Wie blöd waren wir bitte? Das Buch lag die ganze Zeit auf dem Tisch und wir hatten es nicht gesehen! Mutter nahm das Grimoire vom Tisch und stellte es wieder in das Bücherregal. Sie betrachtete noch einmal kurz das Regal, dann blies sie alle Kerzen aus und verließ das Zelt wieder. Erleichtert atmeten wir auf und krochen aus unserem Versteck heraus.

Wir liefen hinüber zum Bücherregal und entdeckten sofort das dicke Grimoire. Es war nicht zu übersehen und vorhin noch nicht dagestanden. Wir hatten es endlich gefunden, Mutters Zauberbuch! Leider hatte Mutter es weit oben hingestellt, wo wir nicht hinkamen.

„Mist, was machen wir jetzt?", fragte ich Kol leise und er überlegte. Nach einem kurzen Augenblick meinte er dann: „Räuberleiter." Ich nickte, als er mir schon seine Hände hinhielt. Er nickte mir zu und ich stieg mit meinem rechten Fuß auf seine Hände. Mit aller Kraft streckte ich mich nach oben, während Kol mich hielt.

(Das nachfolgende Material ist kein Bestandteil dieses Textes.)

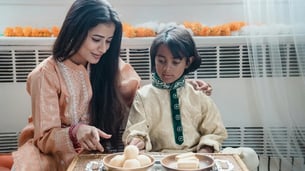 kid sitting with mother on the dining table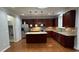 Modern kitchen features granite countertops, stainless steel appliances, and dark-wood cabinetry at 205 Bog Hill Ln, Cary, NC 27519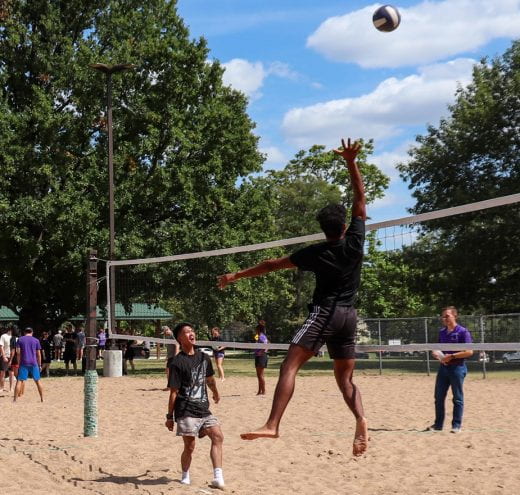 Students playing volleyball in park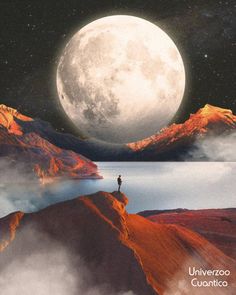 a man standing on top of a mountain next to a lake under a full moon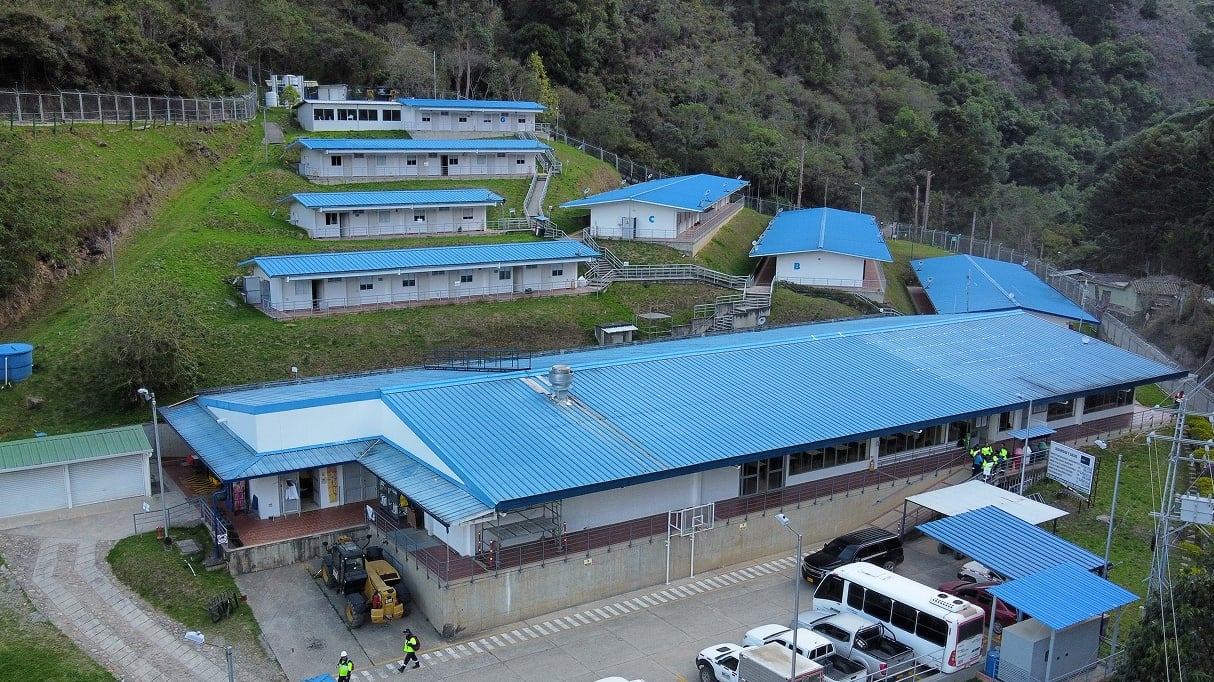 Blue-roofed industrial buildings stand among green hills, with vehicles and workers visible in front.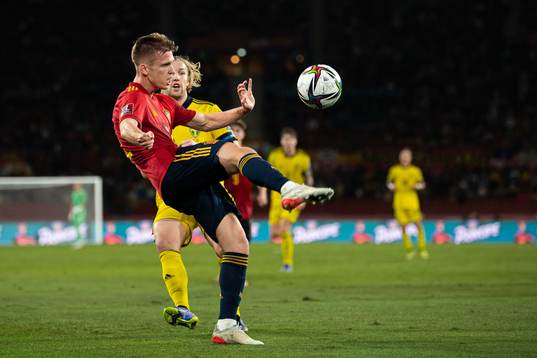 Dani Olmo of Spain and Emil Forsberg of Sweden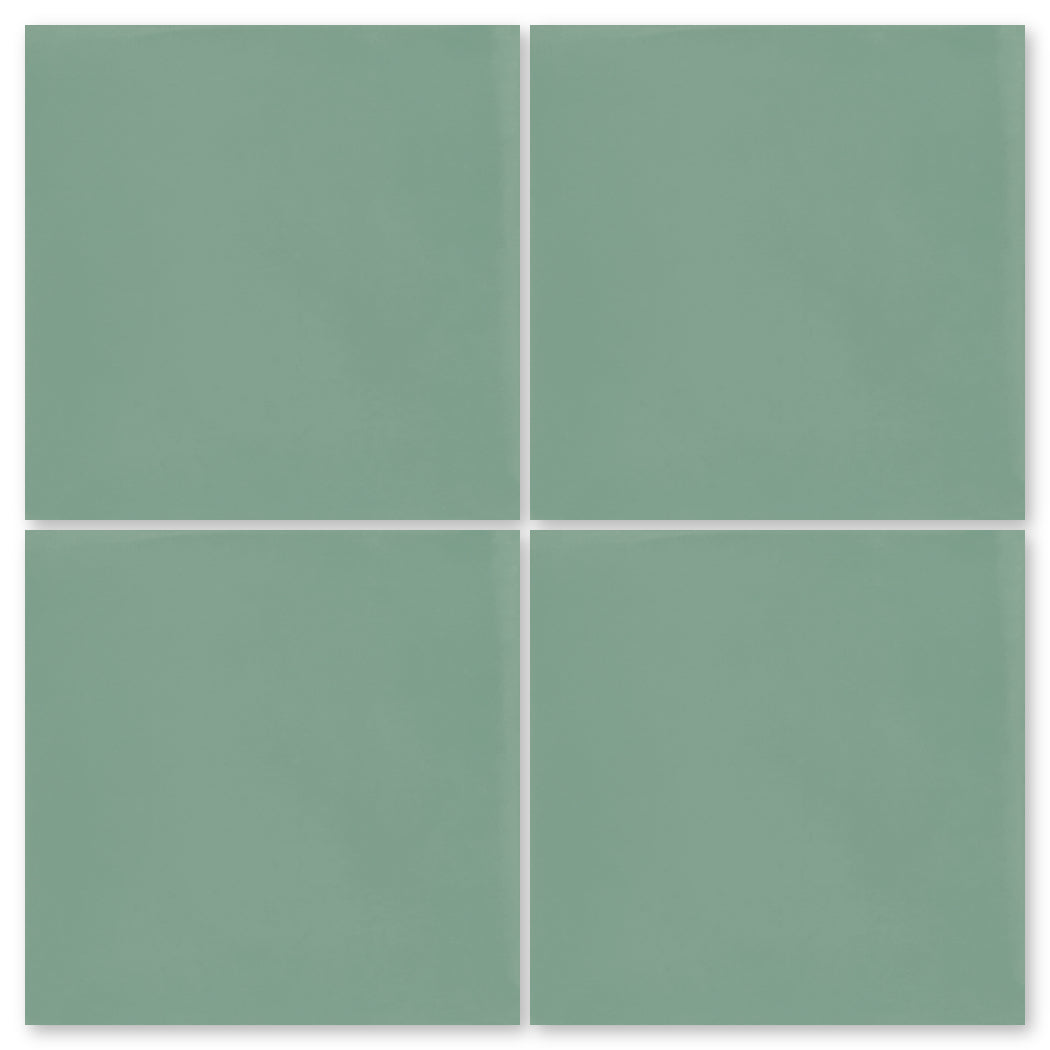 Four sage green 3327-Solid 4x4 tiles by New York Cement Tile, matte finish, arranged in a 2x2 grid on white.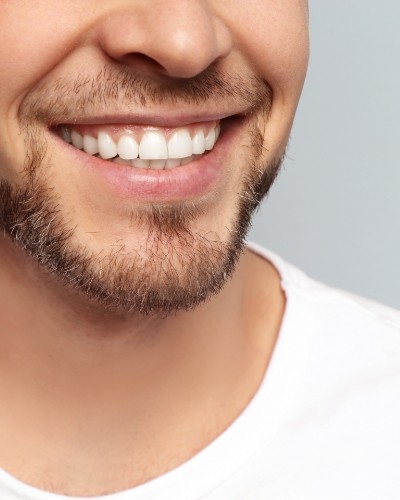 Close up of smiling man with short beard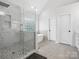 Modern bathroom featuring a glass shower with stone accents and a freestanding soaking tub at 8921 Whittingham Dr, Waxhaw, NC 28173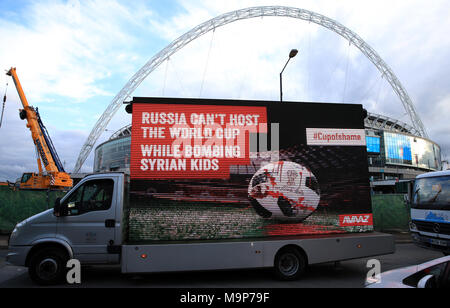 Gruppo di attivisti Avaaz con un cartellone carrello la lettura " Russia non è in grado di ospitare la Coppa del mondo mentre il bombardamento di ragazzi siriano' fuori lo stadio di Wembley, come parte di una campagna per il 2018 Coppa del Mondo per essere trasferito dalla Russia, davanti all'international amichevole tra Inghilterra e Italia. Foto Stock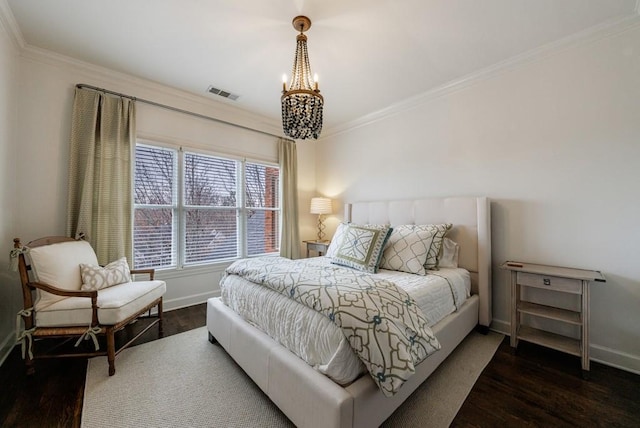 bedroom with wood finished floors, visible vents, baseboards, ornamental molding, and an inviting chandelier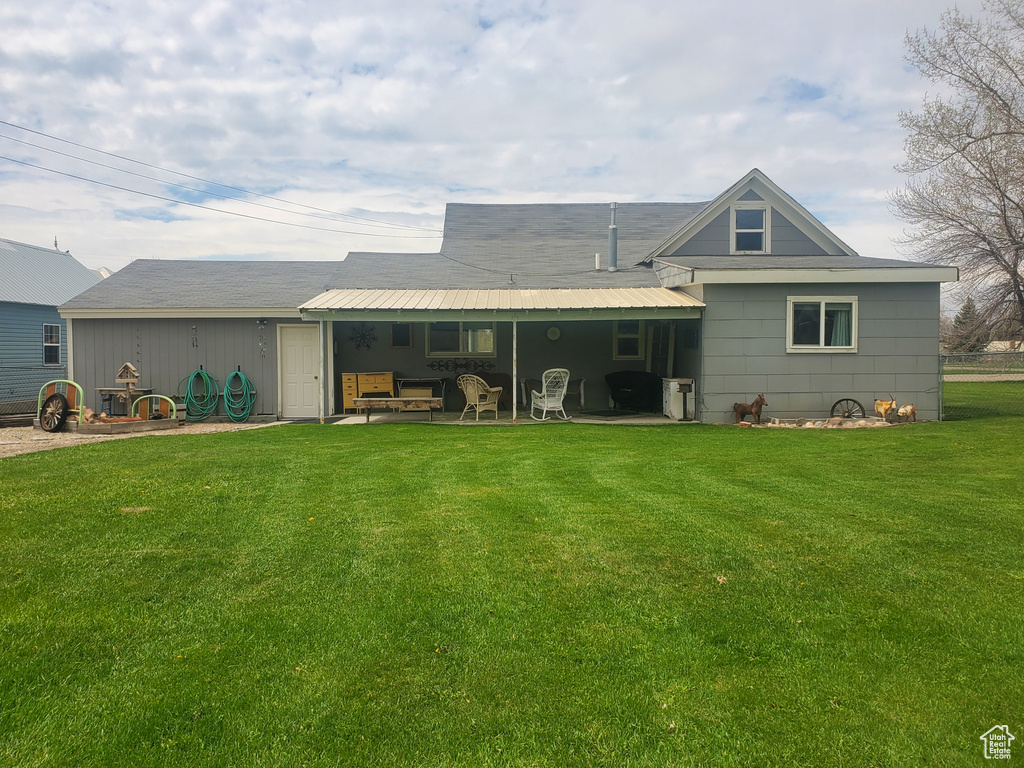 Rear view of house with a lawn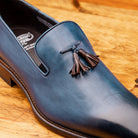 Close view of Blue leather loafer with a tassel on a wooden surface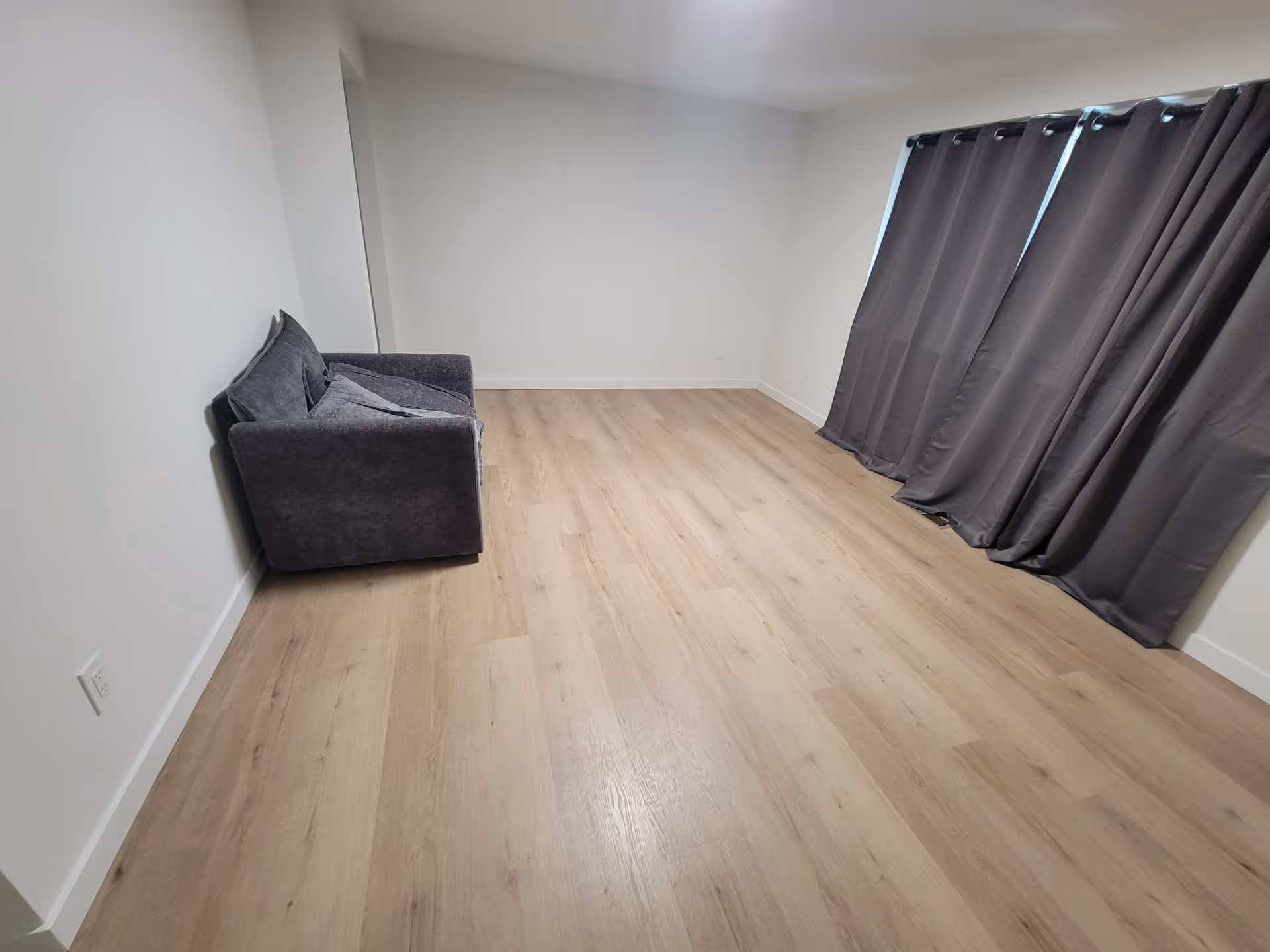 Minimal living room with gray sofa, light wood floor, white walls, and long gray curtain.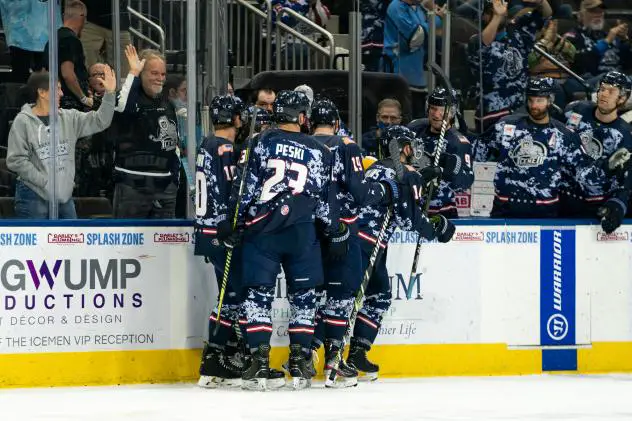 Jacksonville Icemen celebrate a goal in their Military Appreciation Weekend uniforms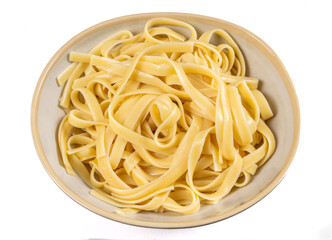 A dish of cooked  fettuccine or linguini pasta isolated on white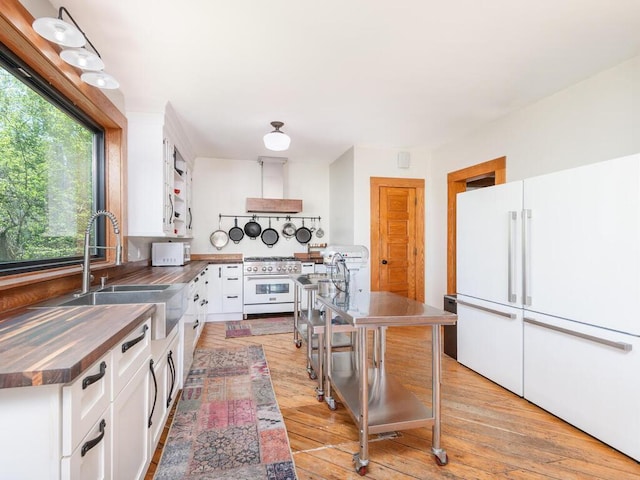 41218 Nelson Rd, North Branch, MN 55056 - kitchen featuring freestanding refrigerator, high end stove, a sink, stainless steel countertops, and white cabinetry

Ich griff nach dem Buch und freute mich schon. Leider zu früh. Ich streckte mich und zog das Buch heraus, als wir plötzlich unser Gleichgewicht verloren und beide zu Boden fielen. Wir hatten das Buch, aber unser Umfallen war natürlich nicht lautlos und so hörten wir von draußen schon Stimmen, die sich dem Zelt näherten.

Ich rappelte mich sofort wieder auf und sah mich panisch um. „Mist", murmelte ich und half mit meiner freien Hand meinem Zwillingsbruder vom Boden auf. Als er wieder stand nickte er auf die hintere Fläche des Zeltes und flüsterte: „Da raus." Ich nickte kurz und wir liefen an die hintere Wand des Zeltes.

Kol hob das Zelttuch etwas hoch und ich krabbelte darunter durch. Gerade noch rechtzeitig kam er ebenfalls durch und ließ das Tuch wieder fallen. Doch es war keine Zeit zum Ausruhen, den von drinnen hörten wir schon rufen, dass die Diebe da raus waren. Wir liefen so schnell wir konnten in den Wald hinein, als wir glaubten weit genug weg zu sein kletterten wir mit dem Buch auf einen Baum und warteten oben ab.

Alle liefen am Baum unter uns vorbei und so waren wir in Sicherheit. Gerade noch rechtzeitig entwischt. Erleichtert atmeten wir aus, als alle Leute vorbei waren und wir nichts mehr zu befürchten hatte. Wir hatten es geschafft! Wir hatten Mutters Zauberbuch und könnten jetzt endlich zaubern lernen. Wenn es uns niemand beibrachte mussten wir es uns halt selber beibringen.